In fact, the strongest headwind Esperanto constantly faces is Spanish. There's
already a romance language with absolutely systematic spelling, easy
pronunciation, simple grammar, and few irregularities. It's already the second
most widely spoken language on the planet, it has mountains of interesting and
elementary material, and there are lots of interesting people whom you can
meet only by speaking it.

It's hard for any rationalized romance language to gain traction against that.

------
sanxiyn
Once upon a time I translated "The lake island of Innisfree" to Lojban.

<http://tech.groups.yahoo.com/group/lojban/message/19725>

Lack of reading materials is a problem, but I found that I enjoy writing or
translating as much as reading.

------
andrewflnr
I would have liked to see more explained samples and less philosophy. The
draft version of the book digs right in and starts explaining how it works.
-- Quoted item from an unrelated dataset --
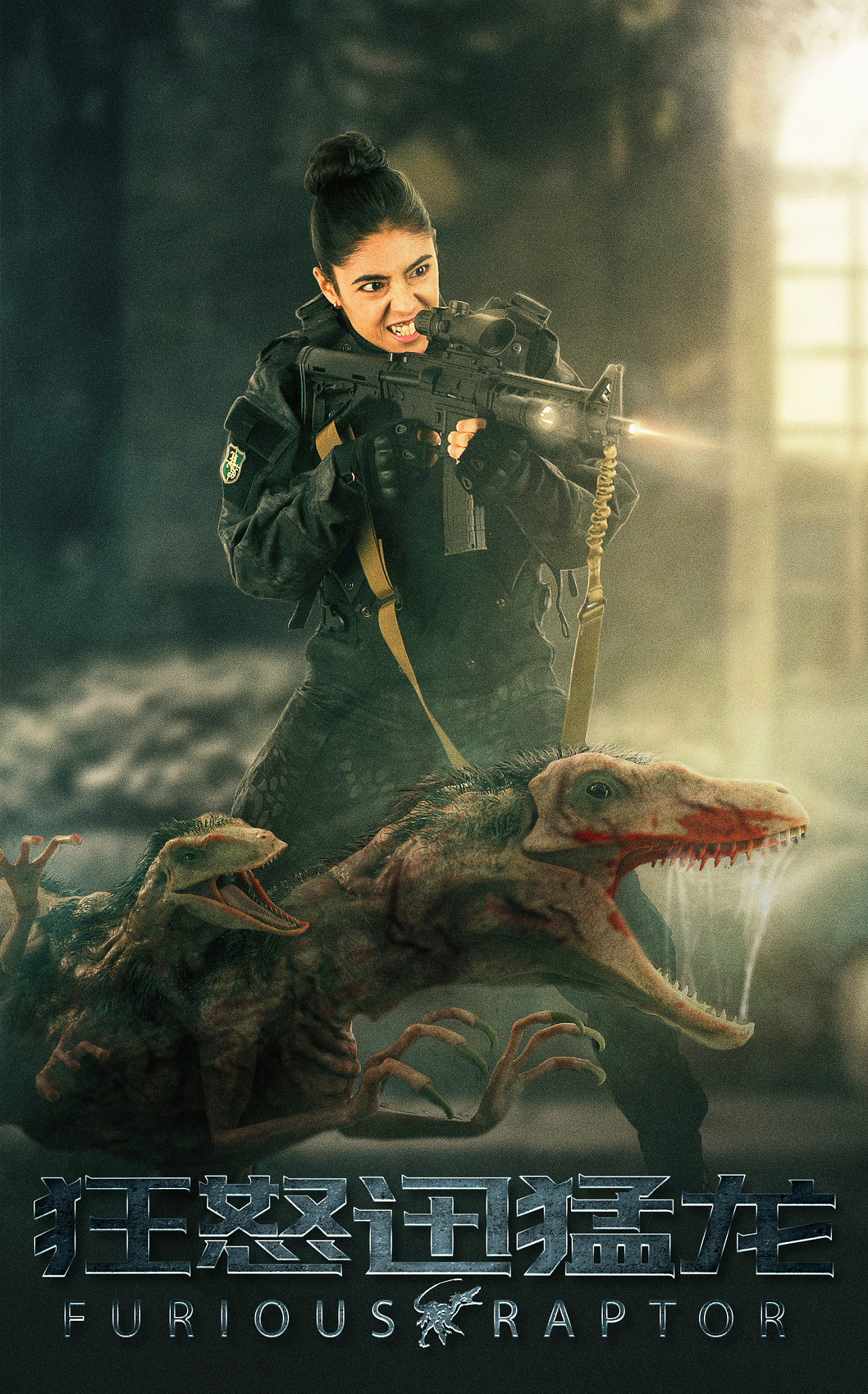 网络电影《狂怒迅猛龙》海报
[http://www.lojban.org/publications/reference_grammar/chapter...](http://www.lojban.org/publications/reference_grammar/chapter2.html)

------
loup-vaillant
It just hit me that Eliezer Yudkowsky's Methods of Rationality's Parseltongue
bears a resemblance to lojban: its limited vocabulary force its speakers to
describe complex concepts with simpler terms, which makes the whole extremely
readable.

------
Newky
Is there any resources such as an IRC channel, or chat room to train and use
lojban.

Its most definetely a exciting concept, and one which I would consider
pursuing.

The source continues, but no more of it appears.